Wednesday, June 17, 2009

Possible Wheat Shortage?

“Newspaper editors are men who separate the wheat from the chaff, and then print the chaff.” - Adlai E. Stevenson, US Ambassador to the United Nations (1961-65)

According to an LA Times science story, there is a new wheat stem rust called the Ug99 fungus that is highly contagious and very deadly to wheat. “Crop scientists fear the Ug99 fungus could wipe out more than 80% of worldwide wheat crops as it spreads from eastern Africa.” [LAT] The International Maize and Wheat Improvement Center in Mexico is less pesimistic and estimates that “only” 19% of the world's wheat is in “imminent danger.”

"It moves in the air, it can move in clothing on an airplane. We know it's going to be here.

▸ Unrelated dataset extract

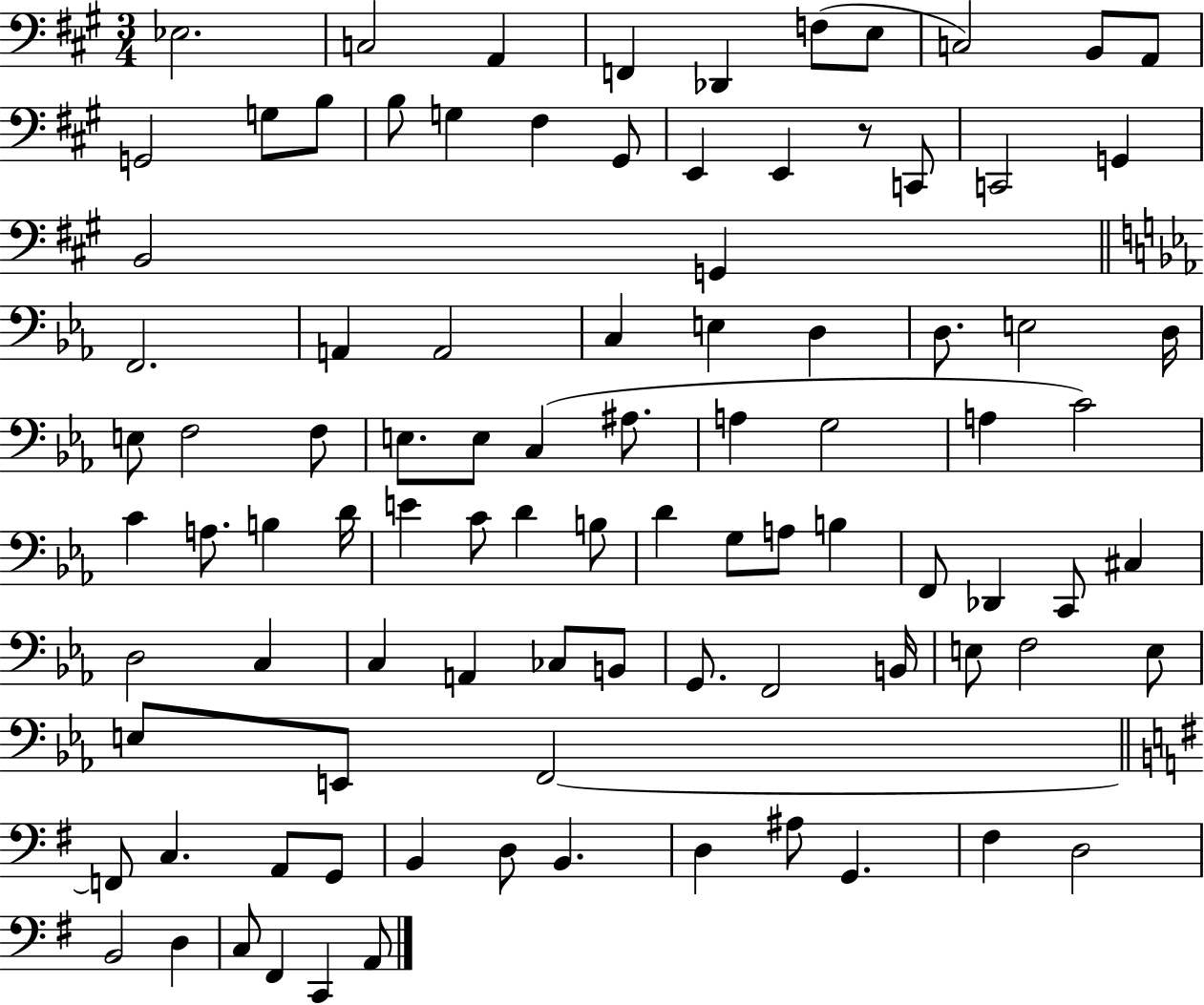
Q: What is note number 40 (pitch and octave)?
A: A#3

It's a matter of how long it's going to take." - Jim Peterson, professor of wheat breeding at Oregon State University [LAT]

Fungus fear has caused price spikes on world wheat markets.

"A significant humanitarian crisis is inevitable" - Rick Ward, coordinator of the Durable Rust Resistance in Wheat project at Cornell University in Ithaca, N.Y. [LAT]

After years of research, scientists have found a “cure”, a half-dozen genes that will protect wheat from Ug99. Now they have two options, genetically alter wheat to add the “good genes” or try to breed the new genes into the plant “naturally.” Many countries and people are opposed to genetically modified grains but the natural method will required 9-12 years for each species of wheat around the globe.

Bottom Line

Historically wheat rust is a plague of blibical proportion (recall the seven lean-years in Egypt). But modern scientists thought they had it under control. “Stem rust destroyed more than 20% of U.S. wheat crops several times between 1917 and 1935, and losses reached nearly 9% twice in the 1950s. The last major outbreak, in 1962, destroyed 5.2% of the U.S. crop.” [LAT] In fact scientists thought they had defeated wheat rust and moved their research to other crop diseases. Ug99 popped up in Uganda in 1999 and was not taken seriously until crops in Kenya, Ethiopia, Sudan and Yemen were devastated.

If you store wheat in your food storage or are thinking about storing wheat, consider stocking up now before prices spike higher during a wheat shortage. Prices have mostly recovered from the global price rise in 2008 but appear to be moving upwards again.